WHAT IS NEEDED:
From the records below, extract only the lines running from the line with "Additionally, you can" to the line with "If you see a", both lines included, reproducing them exactly.

DATA FOR ANALYSIS:

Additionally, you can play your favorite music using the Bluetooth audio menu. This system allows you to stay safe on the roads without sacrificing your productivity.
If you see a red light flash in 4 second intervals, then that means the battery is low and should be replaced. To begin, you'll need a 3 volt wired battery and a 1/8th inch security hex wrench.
--
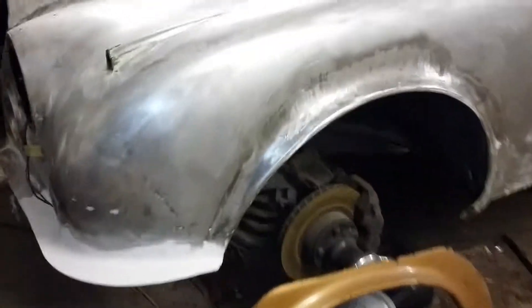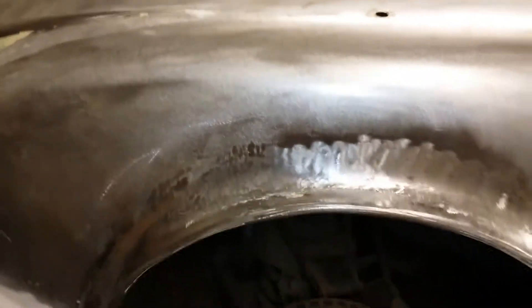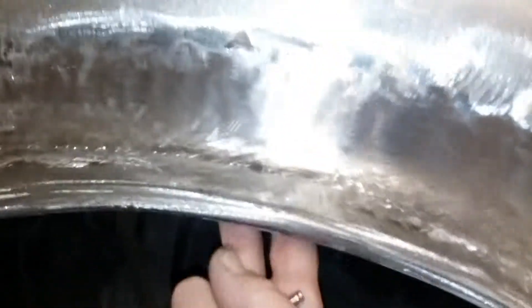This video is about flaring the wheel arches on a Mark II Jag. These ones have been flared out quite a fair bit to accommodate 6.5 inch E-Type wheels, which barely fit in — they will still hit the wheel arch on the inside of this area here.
==
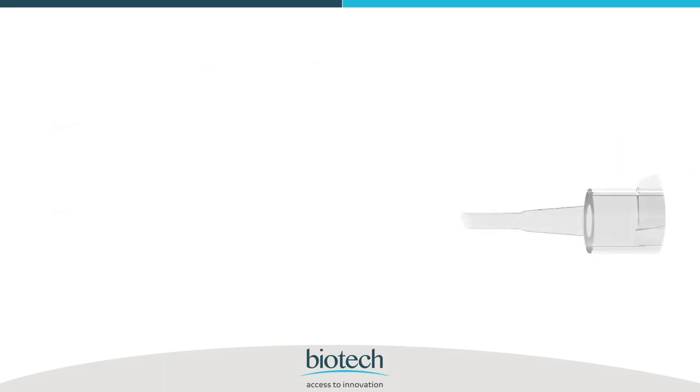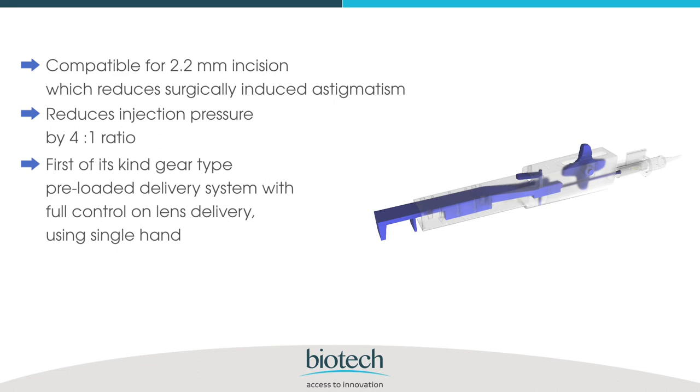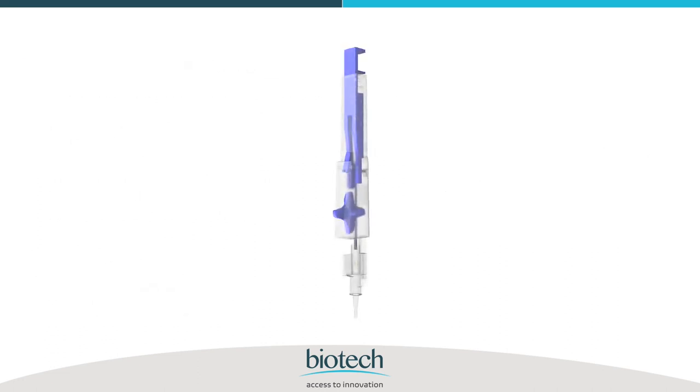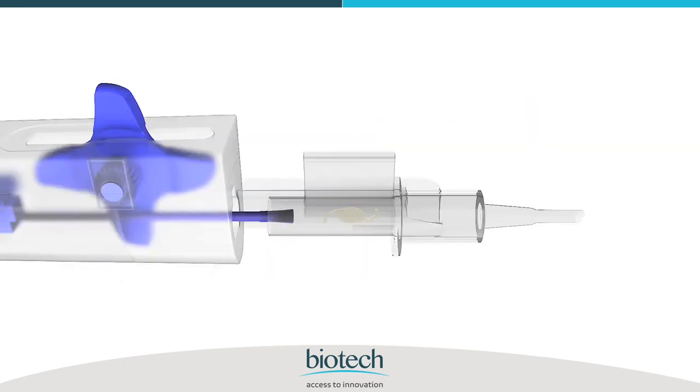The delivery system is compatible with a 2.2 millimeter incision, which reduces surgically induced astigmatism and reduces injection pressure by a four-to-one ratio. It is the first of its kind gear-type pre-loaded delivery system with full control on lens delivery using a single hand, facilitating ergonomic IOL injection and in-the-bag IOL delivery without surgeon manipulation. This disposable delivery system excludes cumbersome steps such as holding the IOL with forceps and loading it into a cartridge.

EXERCISE RESULT:
Additionally, you can play your favorite music using the Bluetooth audio menu. This system allows you to stay safe on the roads without sacrificing your productivity.
If you see a red light flash in 4 second intervals, then that means the battery is low and should be replaced. To begin, you'll need a 3 volt wired battery and a 1/8th inch security hex wrench.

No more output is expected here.